*Exercise*
Although the data below contains pictures, output only the lines between those holding "The master suite" and "I'm gonna take", inclusive, exactly and without those pictures.

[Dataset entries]
★ ★ ★ ★ ★ ★ ★

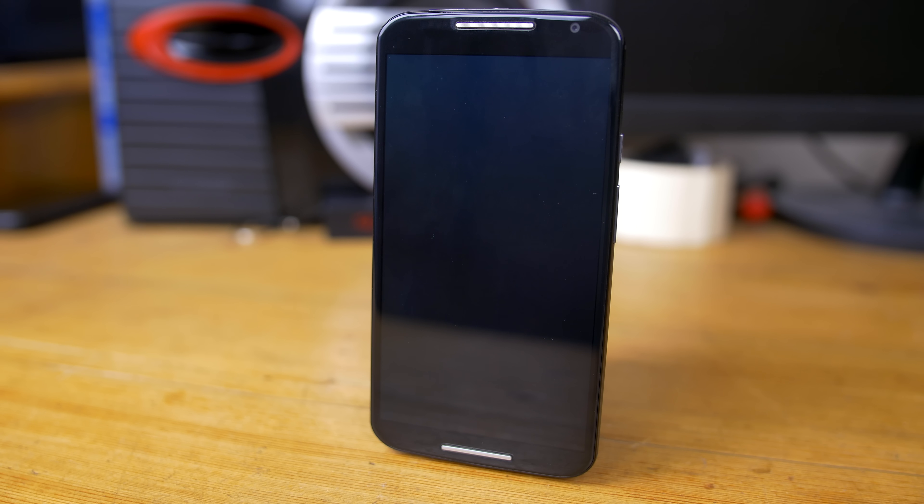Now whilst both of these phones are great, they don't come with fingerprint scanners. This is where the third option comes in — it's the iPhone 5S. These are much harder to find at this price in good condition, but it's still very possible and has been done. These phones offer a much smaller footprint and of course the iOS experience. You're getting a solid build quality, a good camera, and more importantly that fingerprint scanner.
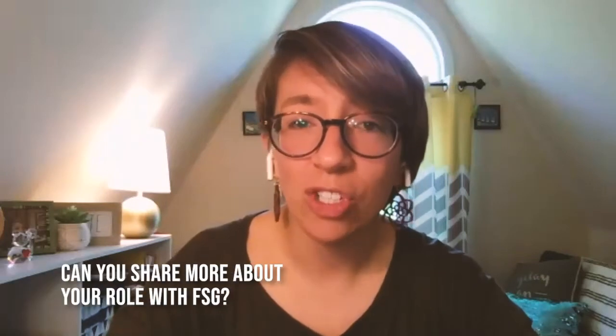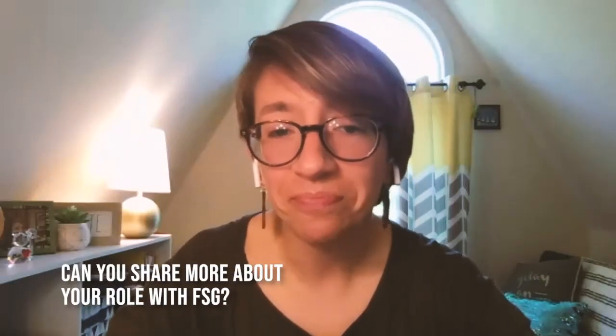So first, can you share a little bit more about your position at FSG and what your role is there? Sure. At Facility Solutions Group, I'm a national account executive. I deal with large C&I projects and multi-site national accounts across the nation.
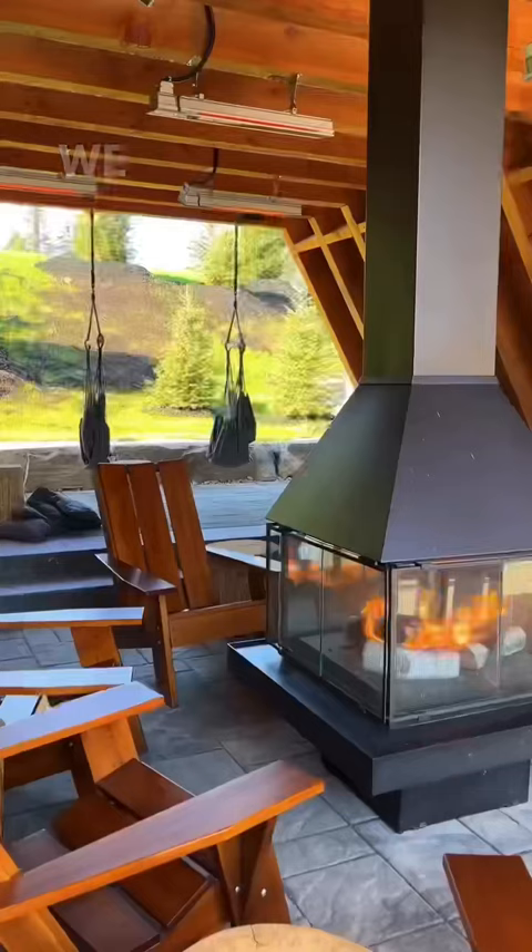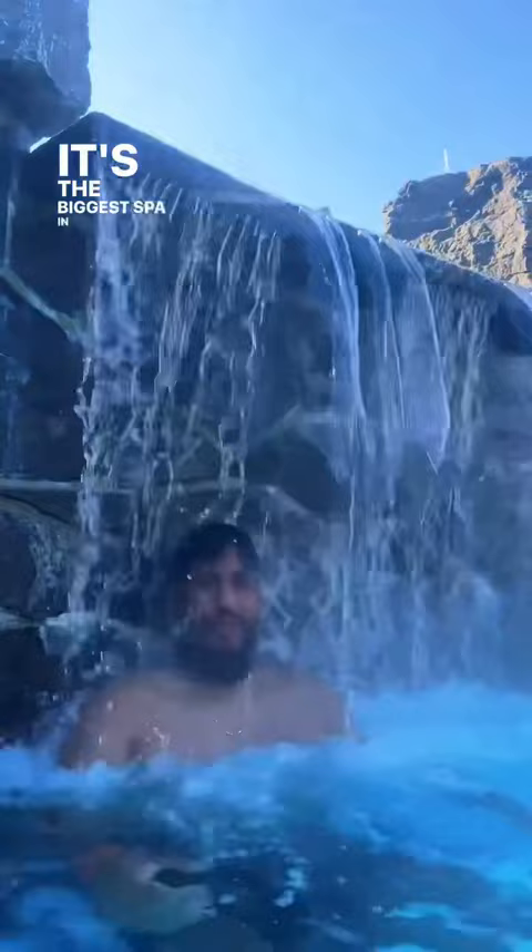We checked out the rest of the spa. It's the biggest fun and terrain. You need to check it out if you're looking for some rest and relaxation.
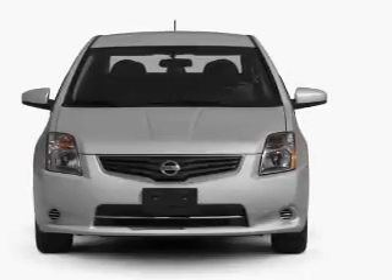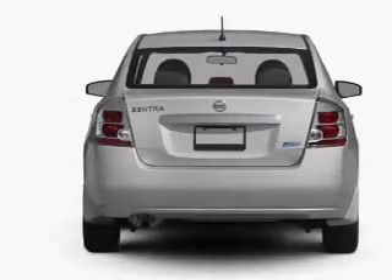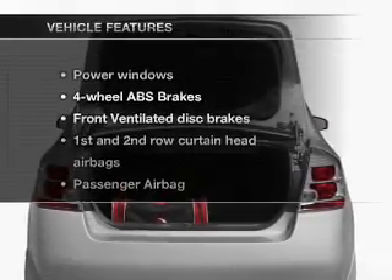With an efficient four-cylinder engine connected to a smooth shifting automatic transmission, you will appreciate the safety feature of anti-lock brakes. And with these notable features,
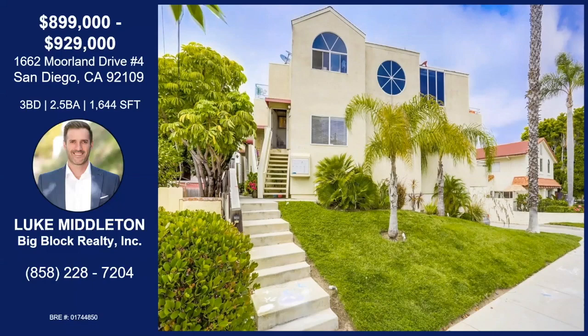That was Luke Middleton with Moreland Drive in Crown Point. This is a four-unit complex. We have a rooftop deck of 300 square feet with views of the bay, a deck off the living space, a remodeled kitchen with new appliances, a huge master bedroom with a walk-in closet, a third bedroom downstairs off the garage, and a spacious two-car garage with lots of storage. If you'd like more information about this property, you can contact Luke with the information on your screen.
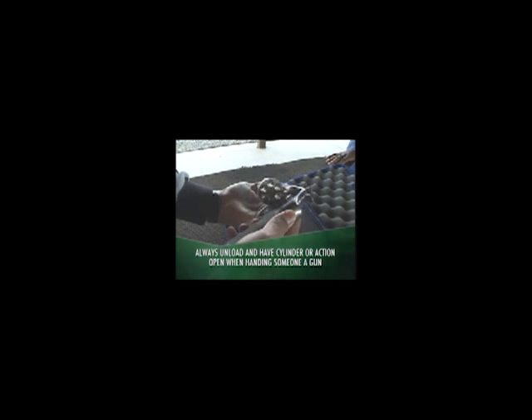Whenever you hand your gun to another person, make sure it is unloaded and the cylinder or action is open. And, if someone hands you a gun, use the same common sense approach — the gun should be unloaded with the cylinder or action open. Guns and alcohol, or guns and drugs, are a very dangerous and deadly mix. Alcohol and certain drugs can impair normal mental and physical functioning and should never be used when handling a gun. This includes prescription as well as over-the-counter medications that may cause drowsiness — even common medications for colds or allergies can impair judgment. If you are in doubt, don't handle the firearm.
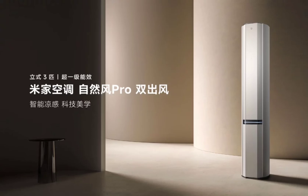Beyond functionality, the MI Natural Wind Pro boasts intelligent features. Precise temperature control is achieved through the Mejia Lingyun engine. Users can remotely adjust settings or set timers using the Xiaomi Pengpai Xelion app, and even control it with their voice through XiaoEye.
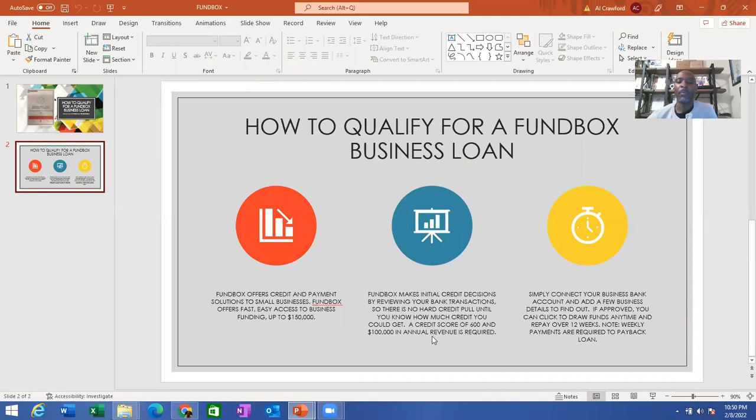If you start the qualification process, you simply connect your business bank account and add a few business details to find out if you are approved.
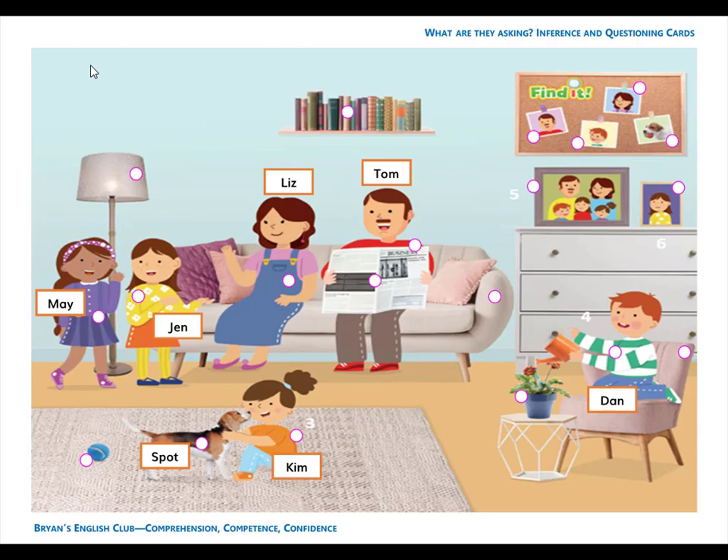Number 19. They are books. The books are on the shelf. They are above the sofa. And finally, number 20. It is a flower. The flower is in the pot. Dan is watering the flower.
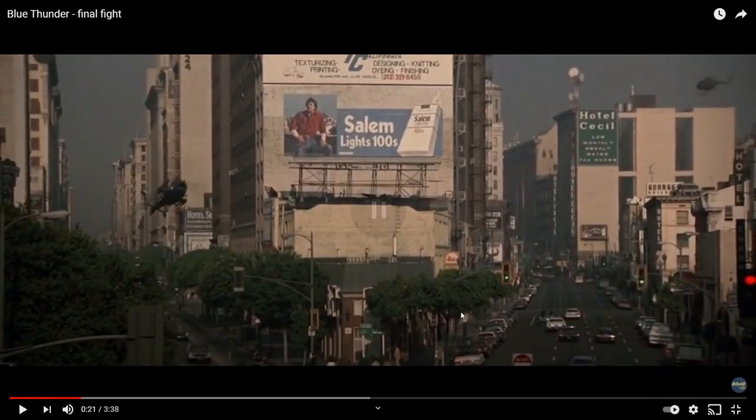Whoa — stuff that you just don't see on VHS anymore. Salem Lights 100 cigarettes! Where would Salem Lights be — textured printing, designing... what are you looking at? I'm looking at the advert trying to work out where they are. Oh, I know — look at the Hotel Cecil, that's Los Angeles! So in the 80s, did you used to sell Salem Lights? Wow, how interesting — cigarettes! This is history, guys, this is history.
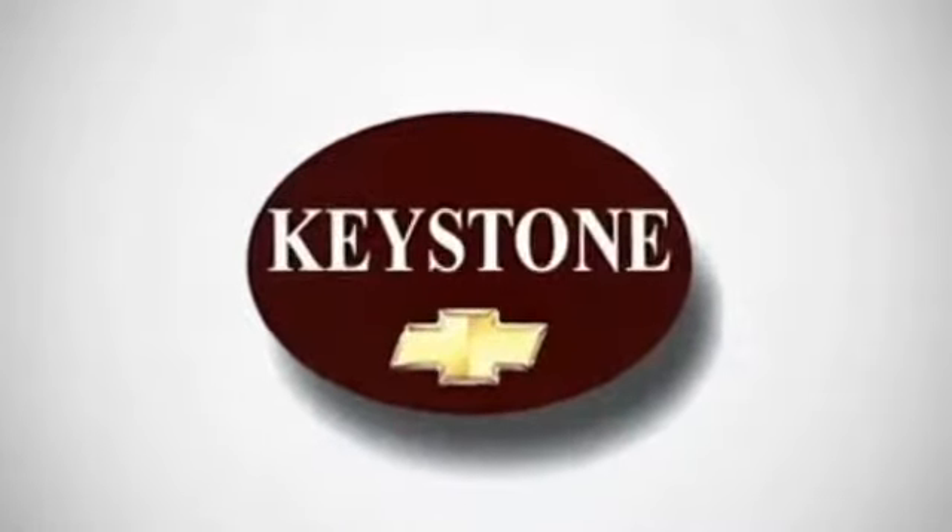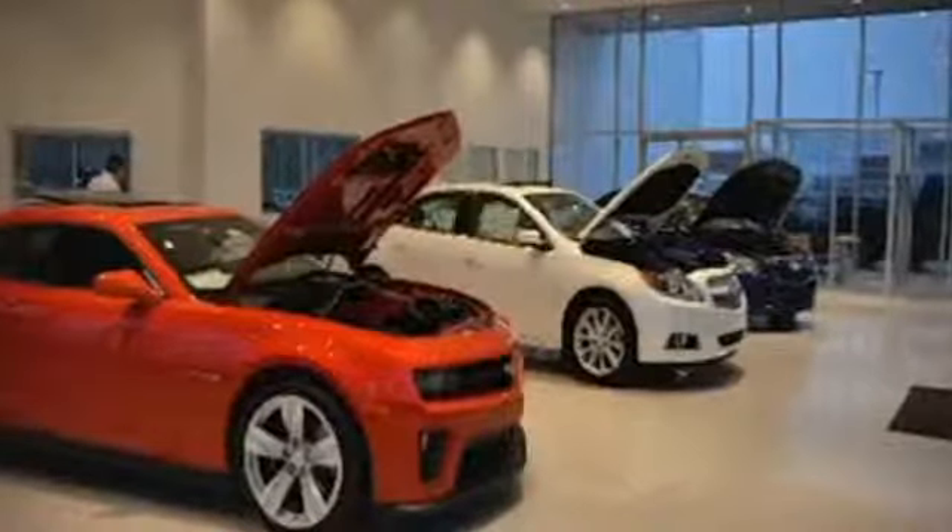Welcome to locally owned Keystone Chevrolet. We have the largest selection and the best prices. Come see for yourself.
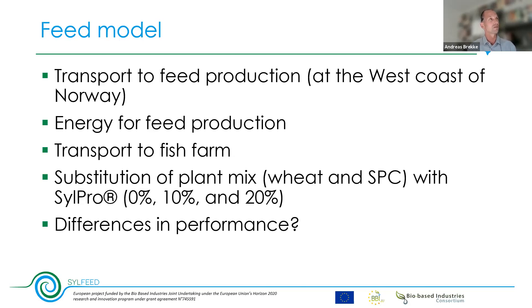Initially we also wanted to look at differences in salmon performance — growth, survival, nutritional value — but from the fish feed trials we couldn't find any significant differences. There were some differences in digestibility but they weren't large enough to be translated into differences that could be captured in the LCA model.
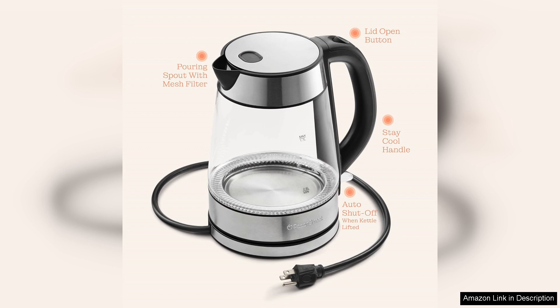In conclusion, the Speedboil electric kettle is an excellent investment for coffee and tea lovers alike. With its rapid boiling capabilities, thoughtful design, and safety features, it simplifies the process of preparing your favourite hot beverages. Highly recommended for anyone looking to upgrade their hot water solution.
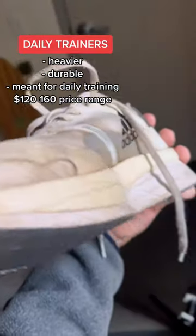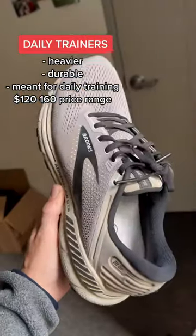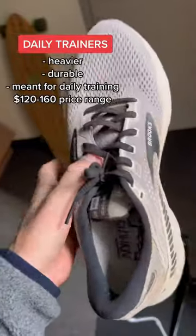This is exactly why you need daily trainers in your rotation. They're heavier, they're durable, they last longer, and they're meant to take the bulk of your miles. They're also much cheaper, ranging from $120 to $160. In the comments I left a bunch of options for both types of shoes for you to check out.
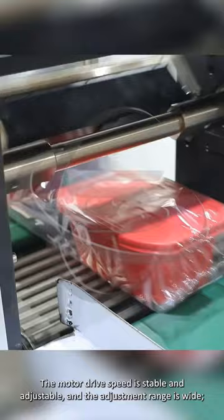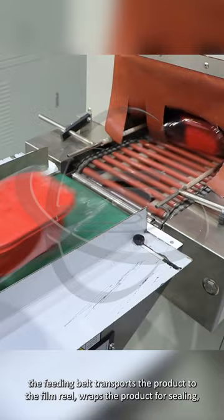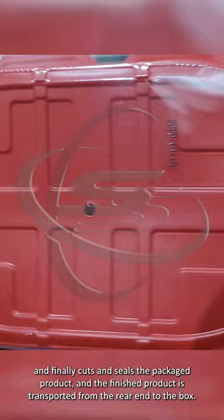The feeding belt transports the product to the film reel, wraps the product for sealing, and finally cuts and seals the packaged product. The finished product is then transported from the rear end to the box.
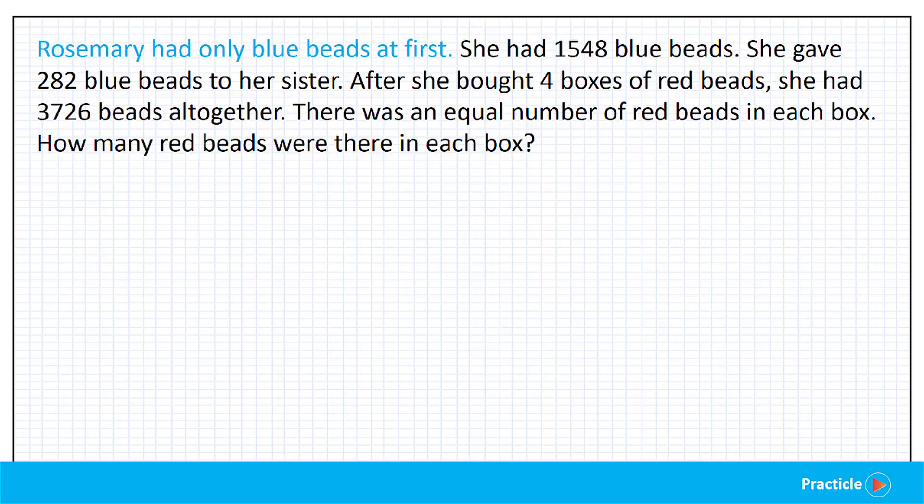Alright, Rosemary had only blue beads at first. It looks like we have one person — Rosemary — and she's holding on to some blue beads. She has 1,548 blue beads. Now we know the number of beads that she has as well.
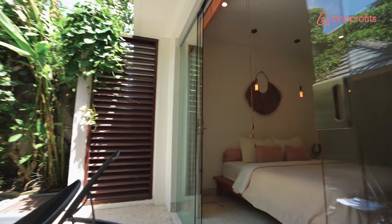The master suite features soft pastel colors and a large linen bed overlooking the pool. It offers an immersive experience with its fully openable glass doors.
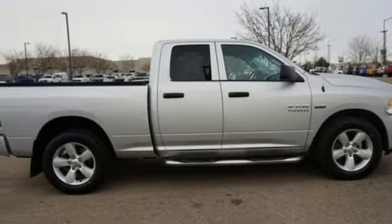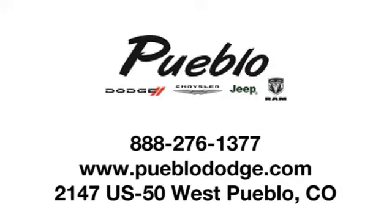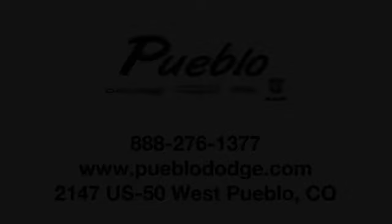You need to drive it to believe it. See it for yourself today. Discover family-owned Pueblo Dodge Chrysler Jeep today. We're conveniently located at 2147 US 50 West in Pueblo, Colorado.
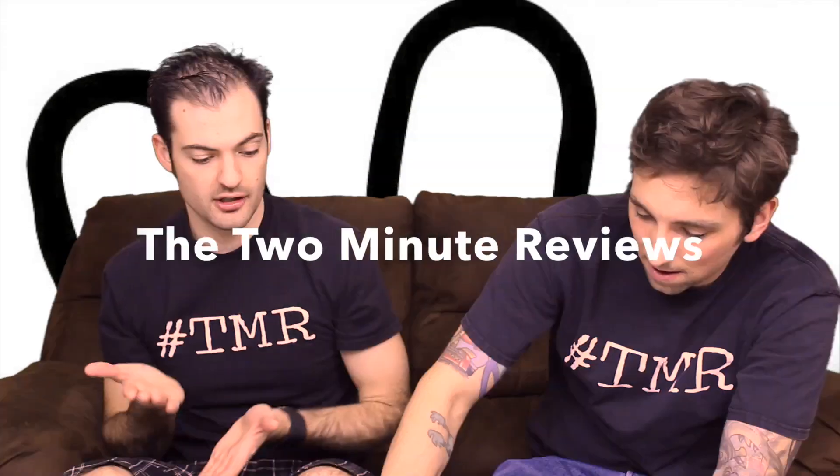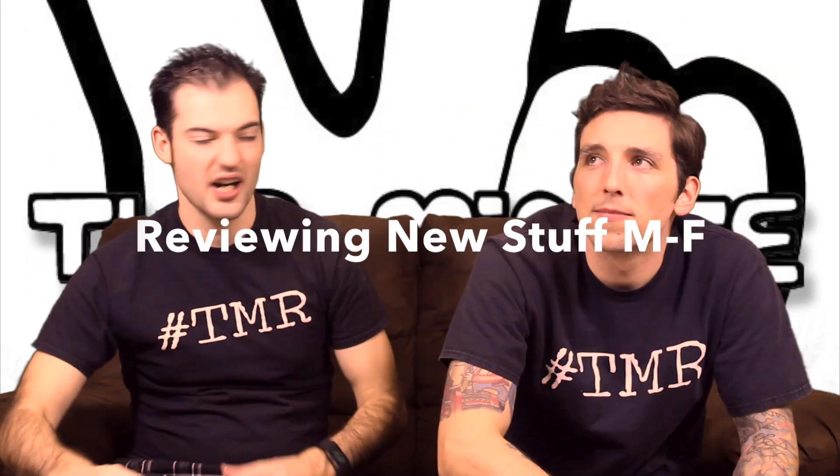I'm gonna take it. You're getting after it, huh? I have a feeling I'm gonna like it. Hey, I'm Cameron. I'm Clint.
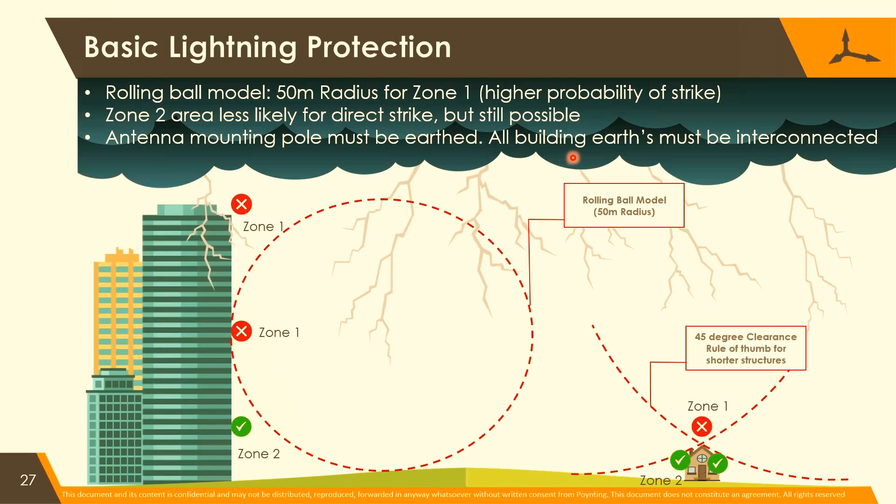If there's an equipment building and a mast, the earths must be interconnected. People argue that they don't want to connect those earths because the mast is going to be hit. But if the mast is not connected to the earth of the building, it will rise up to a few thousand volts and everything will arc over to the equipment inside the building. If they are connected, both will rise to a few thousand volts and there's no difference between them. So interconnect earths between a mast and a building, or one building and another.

★ ★ ★ ★ ★ ★ ★

*Exercise output*
The master suite features soft pastel colors and a large linen bed overlooking the pool. It offers an immersive experience with its fully openable glass doors.
You need to drive it to believe it. See it for yourself today. Discover family-owned Pueblo Dodge Chrysler Jeep today. We're conveniently located at 2147 US 50 West in Pueblo, Colorado.
I'm gonna take it. You're getting after it, huh? I have a feeling I'm gonna like it. Hey, I'm Cameron. I'm Clint.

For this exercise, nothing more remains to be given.